Si hace poco todo era «increíble», ahora resulta «maravilloso», como en los concursos televisivos cazatalentos llorones donde las miserias proporcionan créditos a los aspirantes y caché guay a los coachinadores de turno. Me gustaría asistir al show de un aspirante rico y feliz, un aristócrata satisfecho. O al debut de un artista alcohólico, drogadicto, enfermo, que no impusiera su «desgracia» cual moneda de cambio al estilo «es que tengo seis niños y tal». Todo es un espectáculo aquí. El modo en que los coachinadores lloran y aplauden y posturean sus gestos me sugiere la indiscutible búsqueda de simpatía y ventas. Pero es que estáis muy vistos ya, muy atragantados, como el recién conocido, el falso que llega dando palmaditas reivindicadoras de un amor imposible y más que sospechoso: «Oh, un amigo, aquí estoy para lo que quieras, encantado de conocerte». De igual modo, tanta emoción y palidez y piedad atestiguan, precisamente, su ausencia.
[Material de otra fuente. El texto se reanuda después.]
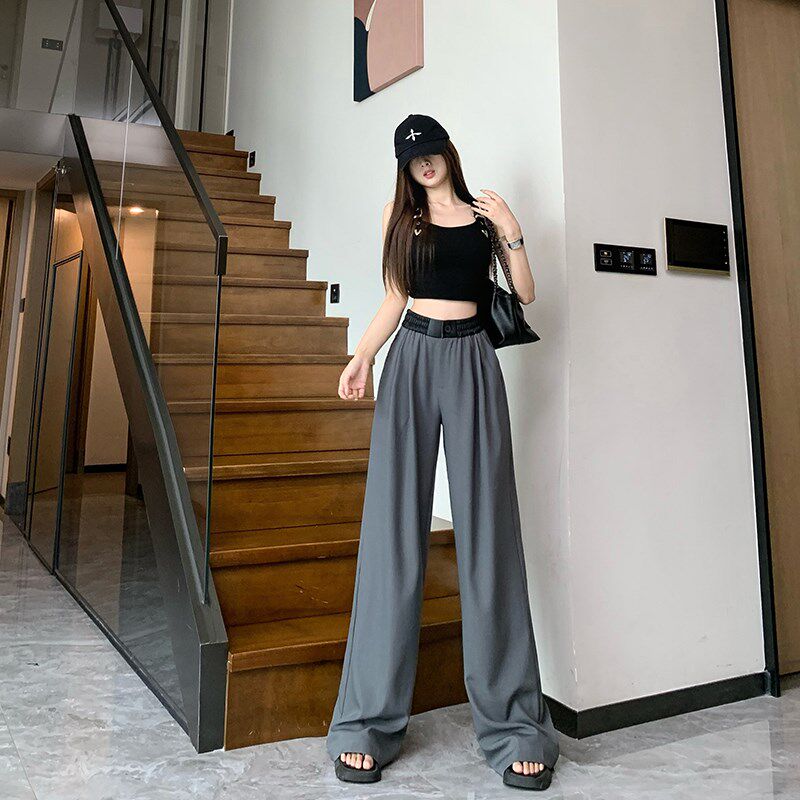 新品灰色西装裤子女宽松直筒20A25春夏新款拼接高腰阔腿裤垂感拖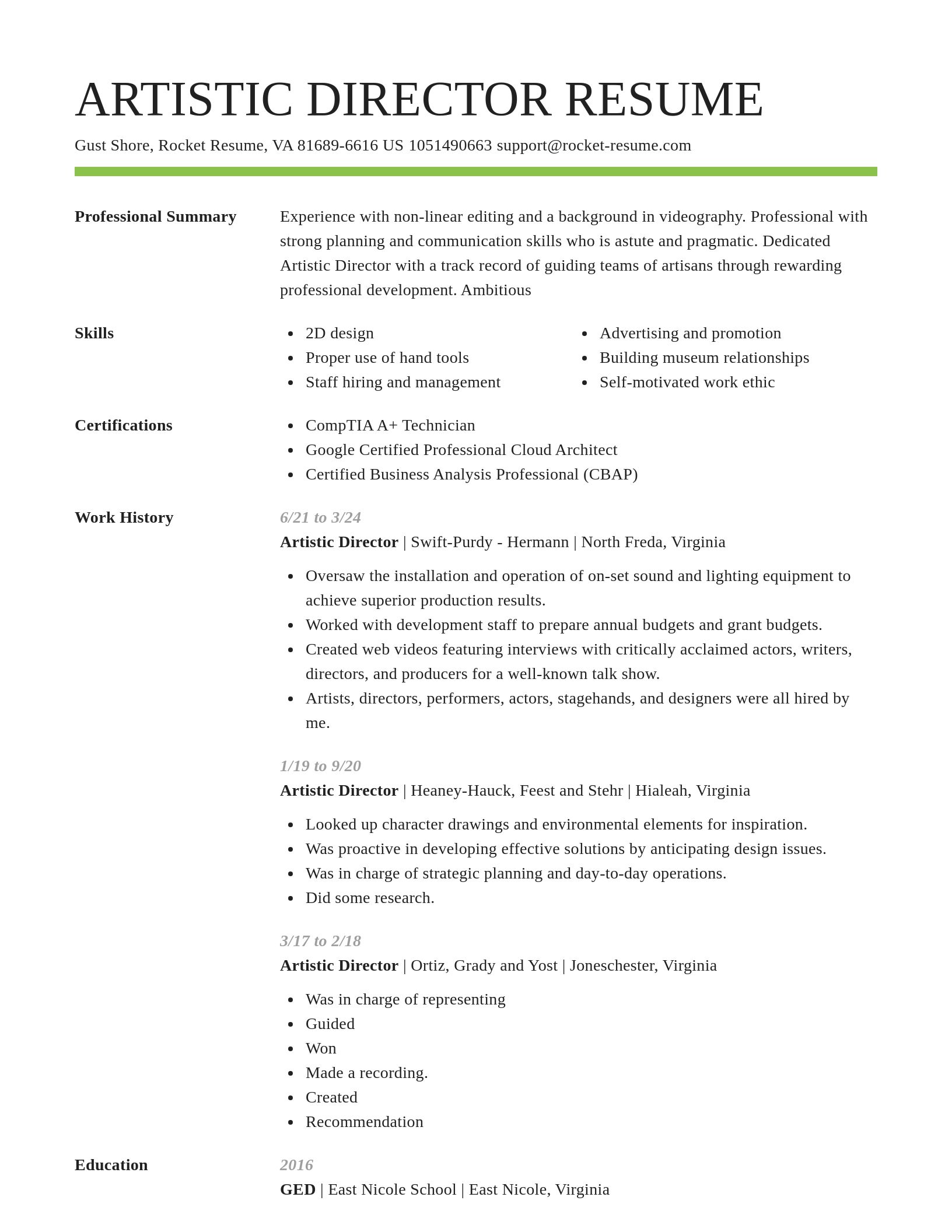 Smart resume template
Y si fuese cierto que estos coachinadores llorones acusan alteraciones y revoluciones en la captación de serotonina, sugiero su inmediata incapacitación para las funciones asignadas. Es que no. Problemas tenemos todos, joder, pero ¿qué nos importa tu vida? Mueve el culo y danza o canta o escupe fuego, pero hazlo bien.

Sí, lo confieso. Las circunstancias me llevan a ver la tele de vez en cuando. Pido perdón y argumento que siempre lo hago en compañía femenina, desvinculando así, indiscutiblemente, el hecho de las intenciones. En consecuencia, solicito mi libre absolución más la estrecha observancia de la función crítica en este artículo, a saber: cuando todo es tan «maravilloso», nada vale un duro. El nivel baja y nadie se entera porque modelos y jueces ya se conformaron hace mucho. Estoy esperando, señoras, a que un verdadero artista se digne fumigar el sucio reguetón y sus letras con un fresco, ácido producto. Sería maravilloso.